Improving the quality of Google Analytics data for Jekyll sites

As explained in the Google Analytics documentation, the default GA JavaScript snippet will extract the information about the page location and title from window.location and document.title. This works fine if the page is loaded directly from its origin without modification. However, a visitor of the site may load the page from Google’s cache or use a service such as Google Translate to display it in a different language. In this case the window.location no longer contains the original URL of the page, and document.title may have a modified value as well. On the other hand, the Google Analytics code contained in the page will (in general) still be executed.

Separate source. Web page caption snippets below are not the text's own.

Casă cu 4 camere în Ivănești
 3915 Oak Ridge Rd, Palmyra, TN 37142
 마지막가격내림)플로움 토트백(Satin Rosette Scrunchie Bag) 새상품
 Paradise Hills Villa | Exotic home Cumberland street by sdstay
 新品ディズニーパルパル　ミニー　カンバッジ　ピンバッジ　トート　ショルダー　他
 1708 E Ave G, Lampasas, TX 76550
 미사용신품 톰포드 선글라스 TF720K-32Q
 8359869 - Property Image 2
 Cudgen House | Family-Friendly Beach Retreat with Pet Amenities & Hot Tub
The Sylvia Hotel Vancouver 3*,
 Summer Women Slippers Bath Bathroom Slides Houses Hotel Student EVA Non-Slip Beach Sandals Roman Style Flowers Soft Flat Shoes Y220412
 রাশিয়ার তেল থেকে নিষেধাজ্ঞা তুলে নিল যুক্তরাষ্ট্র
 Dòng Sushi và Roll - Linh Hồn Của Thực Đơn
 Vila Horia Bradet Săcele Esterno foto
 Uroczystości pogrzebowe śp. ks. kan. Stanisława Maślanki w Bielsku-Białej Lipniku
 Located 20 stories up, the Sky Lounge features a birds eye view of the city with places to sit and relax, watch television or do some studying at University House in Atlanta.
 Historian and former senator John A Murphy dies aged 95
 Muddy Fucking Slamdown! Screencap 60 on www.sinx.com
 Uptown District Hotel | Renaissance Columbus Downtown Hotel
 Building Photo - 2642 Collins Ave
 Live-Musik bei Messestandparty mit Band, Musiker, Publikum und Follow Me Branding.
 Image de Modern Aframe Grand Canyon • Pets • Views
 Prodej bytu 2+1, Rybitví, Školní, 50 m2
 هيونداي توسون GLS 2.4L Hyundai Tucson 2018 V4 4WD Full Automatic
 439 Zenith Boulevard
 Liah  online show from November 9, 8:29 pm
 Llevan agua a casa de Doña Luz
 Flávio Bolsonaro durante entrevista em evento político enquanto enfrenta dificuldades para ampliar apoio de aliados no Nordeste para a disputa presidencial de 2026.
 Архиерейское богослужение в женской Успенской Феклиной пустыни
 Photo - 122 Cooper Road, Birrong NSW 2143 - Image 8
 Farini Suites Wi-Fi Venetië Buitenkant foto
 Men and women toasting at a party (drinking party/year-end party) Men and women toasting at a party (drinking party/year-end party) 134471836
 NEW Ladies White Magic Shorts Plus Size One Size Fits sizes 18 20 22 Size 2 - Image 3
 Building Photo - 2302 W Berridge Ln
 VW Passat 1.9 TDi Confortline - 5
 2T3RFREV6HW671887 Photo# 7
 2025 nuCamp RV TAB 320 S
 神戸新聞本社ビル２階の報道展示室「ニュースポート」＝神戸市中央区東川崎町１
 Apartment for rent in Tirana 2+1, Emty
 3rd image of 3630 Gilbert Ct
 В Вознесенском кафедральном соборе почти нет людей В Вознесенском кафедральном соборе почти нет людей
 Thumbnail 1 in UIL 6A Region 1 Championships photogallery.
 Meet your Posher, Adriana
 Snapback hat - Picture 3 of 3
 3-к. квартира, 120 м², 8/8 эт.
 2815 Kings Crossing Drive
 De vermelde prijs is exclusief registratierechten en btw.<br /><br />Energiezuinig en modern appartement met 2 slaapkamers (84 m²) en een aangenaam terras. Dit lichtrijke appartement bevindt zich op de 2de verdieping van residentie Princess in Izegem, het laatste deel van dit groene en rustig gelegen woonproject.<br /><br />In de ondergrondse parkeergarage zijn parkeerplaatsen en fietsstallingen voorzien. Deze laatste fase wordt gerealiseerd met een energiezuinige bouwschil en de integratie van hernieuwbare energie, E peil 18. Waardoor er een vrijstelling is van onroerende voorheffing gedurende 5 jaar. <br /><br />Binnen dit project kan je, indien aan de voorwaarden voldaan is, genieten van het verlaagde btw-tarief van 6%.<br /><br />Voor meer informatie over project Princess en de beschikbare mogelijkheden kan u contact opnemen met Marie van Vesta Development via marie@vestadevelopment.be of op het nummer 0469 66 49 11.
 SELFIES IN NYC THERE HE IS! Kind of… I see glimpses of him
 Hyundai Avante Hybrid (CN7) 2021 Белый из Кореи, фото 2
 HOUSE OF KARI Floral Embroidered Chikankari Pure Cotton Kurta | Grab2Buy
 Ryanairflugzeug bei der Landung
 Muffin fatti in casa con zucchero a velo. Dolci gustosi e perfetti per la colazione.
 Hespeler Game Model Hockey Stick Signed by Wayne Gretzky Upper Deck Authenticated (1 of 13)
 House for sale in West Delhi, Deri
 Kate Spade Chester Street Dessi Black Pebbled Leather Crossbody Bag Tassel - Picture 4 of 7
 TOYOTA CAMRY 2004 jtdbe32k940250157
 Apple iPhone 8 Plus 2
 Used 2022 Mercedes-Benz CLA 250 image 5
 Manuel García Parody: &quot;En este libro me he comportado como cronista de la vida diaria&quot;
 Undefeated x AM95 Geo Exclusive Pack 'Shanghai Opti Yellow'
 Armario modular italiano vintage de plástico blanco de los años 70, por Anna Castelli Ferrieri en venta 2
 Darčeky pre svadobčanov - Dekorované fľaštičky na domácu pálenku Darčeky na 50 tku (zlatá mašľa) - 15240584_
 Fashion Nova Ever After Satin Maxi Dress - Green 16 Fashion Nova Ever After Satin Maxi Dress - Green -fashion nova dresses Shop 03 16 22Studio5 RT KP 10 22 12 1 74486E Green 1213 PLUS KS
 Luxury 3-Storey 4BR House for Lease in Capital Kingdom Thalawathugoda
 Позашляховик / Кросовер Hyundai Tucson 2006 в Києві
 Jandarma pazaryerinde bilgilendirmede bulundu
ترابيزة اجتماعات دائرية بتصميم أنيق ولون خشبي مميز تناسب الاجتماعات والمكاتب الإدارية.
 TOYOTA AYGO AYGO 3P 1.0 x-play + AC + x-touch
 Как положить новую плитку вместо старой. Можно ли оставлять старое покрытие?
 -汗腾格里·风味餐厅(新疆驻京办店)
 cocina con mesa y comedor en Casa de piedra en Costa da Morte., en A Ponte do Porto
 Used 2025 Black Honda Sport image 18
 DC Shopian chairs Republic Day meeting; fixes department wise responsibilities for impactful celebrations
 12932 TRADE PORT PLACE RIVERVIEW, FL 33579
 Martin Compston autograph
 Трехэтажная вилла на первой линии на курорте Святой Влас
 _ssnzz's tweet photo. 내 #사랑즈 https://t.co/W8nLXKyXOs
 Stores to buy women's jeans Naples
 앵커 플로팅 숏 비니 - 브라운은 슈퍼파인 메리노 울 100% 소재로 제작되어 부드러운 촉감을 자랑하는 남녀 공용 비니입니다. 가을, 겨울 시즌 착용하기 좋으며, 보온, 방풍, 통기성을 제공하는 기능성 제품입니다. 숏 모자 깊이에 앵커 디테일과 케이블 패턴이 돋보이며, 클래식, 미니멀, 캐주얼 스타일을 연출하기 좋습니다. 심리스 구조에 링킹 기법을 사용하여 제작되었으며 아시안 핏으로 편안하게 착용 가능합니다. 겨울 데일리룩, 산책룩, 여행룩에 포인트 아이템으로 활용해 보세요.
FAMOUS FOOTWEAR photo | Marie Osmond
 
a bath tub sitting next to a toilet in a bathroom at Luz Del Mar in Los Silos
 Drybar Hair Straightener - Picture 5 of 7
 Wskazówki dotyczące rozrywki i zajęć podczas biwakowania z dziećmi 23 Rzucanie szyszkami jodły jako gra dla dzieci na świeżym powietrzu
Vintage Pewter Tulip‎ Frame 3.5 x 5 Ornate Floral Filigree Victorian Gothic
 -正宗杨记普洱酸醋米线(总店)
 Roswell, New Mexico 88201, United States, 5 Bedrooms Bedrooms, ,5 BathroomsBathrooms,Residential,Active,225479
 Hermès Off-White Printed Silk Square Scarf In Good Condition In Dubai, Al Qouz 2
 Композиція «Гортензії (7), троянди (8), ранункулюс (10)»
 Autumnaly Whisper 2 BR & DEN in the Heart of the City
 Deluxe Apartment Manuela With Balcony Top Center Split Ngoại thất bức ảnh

The end result is that this particular type of page view is still recorded, but with somewhat unexpected data, as shown in the following screenshot:

Google Analytics screenshot

The solution for this problem is to pass the page location and title information explicitly when sending the page view event. Of course, for this to work these values must appear as constants in the JavaScript returned by the site. With Jekyll this is easy to achieve because the location and title are available from the page.url and page.title template parameters, so that they can be substituted when the HTML of the page is generated. This is straightforward, except that care must be taken to correctly escape quotes that may be part of the page title:

ga('send', 'pageview', {
  'page': '{{ page.url }}',
  'title': '{{ page.title | replace: "'", "\\'" }}'

In the generated page these options will indeed appear as constants and they will be sent unmodified to Analytics, even if the page is loaded from Google’s cache or modified by Google Translate:

ga('send', 'pageview', {
  'page': '/2015/01/05/jekyll-improving-ga-data-quality.html',
  'title': 'Improving the quality of Google Analytics data for Jekyll sites'

Note that this relies on the assumption that all pages have the title parameter set, i.e. that the markup for the page title is always generated as follows:

<title>{{ page.title }}</title>

If that’s not the case, then you need to implement the necessary changes to make things consistent, either by modifying the JavaScript code or by changing the way the page metadata is generated.

Note that a side effect of the change described here is that the home page of the site will no longer be reported as /, but as /index.html. In another post I explain why this is actually desirable. In case you don’t like this because it introduces a discontinuity in your analytics data, it should be easy to modify the code shown above to take that particular situation into account.